I wouldn't take offense but I generally wouldn't accept an evening only invitation (depending on who and circumstances probably). I've only ever been invited to one evening only thing and didn't go then.

I don't like parties and I don't like dressing up. I figure if I'm only important enough to them for the evening do, then my presence isn't that important, so I don't have to feel obliged to go. I don't take offense but it does say something about the closeness of our relationship. If I'm invited to the whole thing I'll dress up and go because they clearly want me there, so I make the effort for them.
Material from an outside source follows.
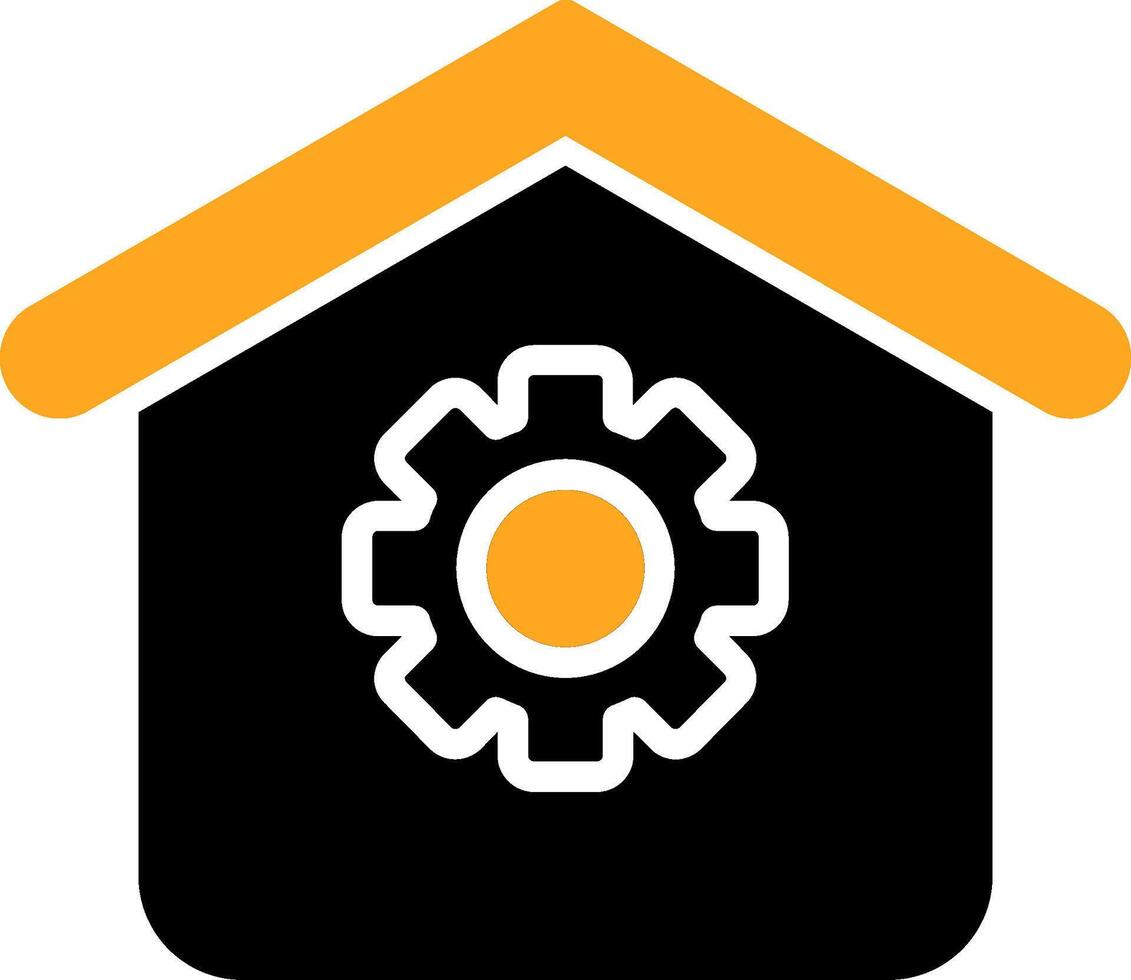 Setting Colorful Icon vector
Every other wedding I've been invited to has been wedding and reception, no evening do held.

Cosyblankets · 13/03/2025 20:39

farmlife2 · 13/03/2025 20:38

I wouldn't take offense but I generally wouldn't accept an evening only invitation (depending on who and circumstances probably). I've only ever been invited to one evening only thing and didn't go then.

I don't like parties and I don't like dressing up. I figure if I'm only important enough to them for the evening do, then my presence isn't that important, so I don't have to feel obliged to go. I don't take offense but it does say something about the closeness of our relationship. If I'm invited to the whole thing I'll dress up and go because they clearly want me there, so I make the effort for them.

Every other wedding I've been invited to has been wedding and reception, no evening do held.